(Format No. 3)
SUMMARY OF DOCTORAL THESIS
Name: Mohamed Abd Elbasit Mohamed Ahmed
Title: Modeling of Interrill Sediment Generation and Soil Microtopography Dynamics under Variable Simulated Rainfall Erosivity
(降雨侵食による微地形動態とインターリル土壌堆積のモデル化)
Deformation of soil surface due to raindrop impact involve several processes have not yet been well understood. This study was attempted to measure, evaluate, and model two important processes:
(1) soil microtopography change and (2) soil particle detachment due to raindrop impact. In order to understand these processes, robust techniques must be used to quantify each factor affects these processes.
Firstly, the potential use of a piezoelectric transducer to measure the rainfall impact energy under simulated rainfall conditions was investigated. The simulated rainfall kinetic energy (KE) and drop size distribution were measured using piezoelectric transducers, modified from the Vaisala RAINCAP® rainfall sensor. The direct measurement of the kinetic energy was significantly correlated with the estimated kinetic energy using the drop size distribution data and empirical fall velocity relationships (r > 0.84, P=0.005). The effect of the rainfall characteristics produced by dripper-type rainfall simulator on splash soil erosion (Ds) was also assessed. The relationship between the rainfall intensity (I) and KE was found to be different from natural rainfall and the I-Ds
relationship followed the same trend. This result emphasizes the importance of the I-KE relationship in determination of the I-Ds relationship, which can differ from one rainfall simulator to another.
Accordingly, to improve the soil splash estimation by simulated rainfall the characteristics of the simulated rainfall have to be taken into account.
Secondly, the potential of using consumer-grade cameras and close-range photogrammetry procedures to quantify soil microtopography at plot-scale level (≤ 1 m2) were assessed using simulated soil surface. The surfaces’ digital elevation model (DEM) was generated using the photogrammetry system (PHM) involving a consumer-grade camera, and pin-microrelief meter (PM).

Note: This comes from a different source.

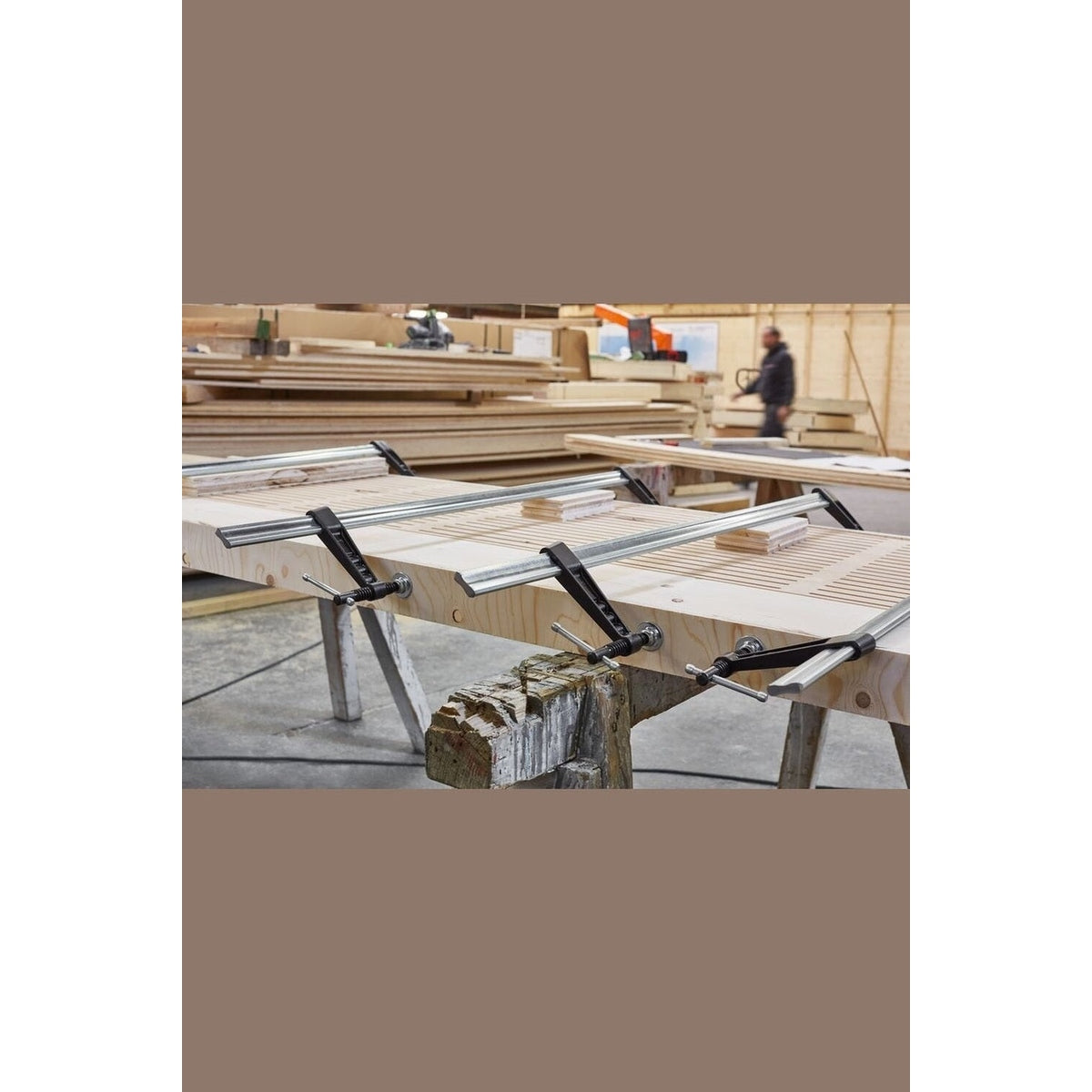 Temperguss-Schraubzwinge TG40-K 400/175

The DEM generated using the PHM was assessed for accuracy, roughness indices, depression area percentage, depression storage capacity, and micro-rills delineation in comparison with the PM. A consumer-grade camera and close-range photogrammetry had high potential to quantify the soil microtopography. The method was also assessed to quantify the soil microtopography changes during rainfall. A reference surface rectification method was developed to detect and eliminate the DEM errors prior to interpolation. The second was the parametric statistical method, which was used to detect and rectify the DEM errors after interpolation. The automated digital photogrammetric system with the rectification methods accurately generated three dimensional visions of the soil microtopography during rainfall.
Thirdly, two modeling approaches, empirical and physically-based, were assessed to evaluate the capability of each approach to estimate the sediment yield under hillslope condition. The empirical models tested in this study used a combination of factors, which influence the sediment yield, rainfall intensity, slope and runoff. The physically-based model used the kinematic wave method to estimate runoff and the sediment mass balance equation to estimate the sediment yield. A comparison between the empirical models and the physically-based model showed that the physically-based model, which uses soil bulk density and hydraulic conductivity, estimates the sediment yield and runoff effectively.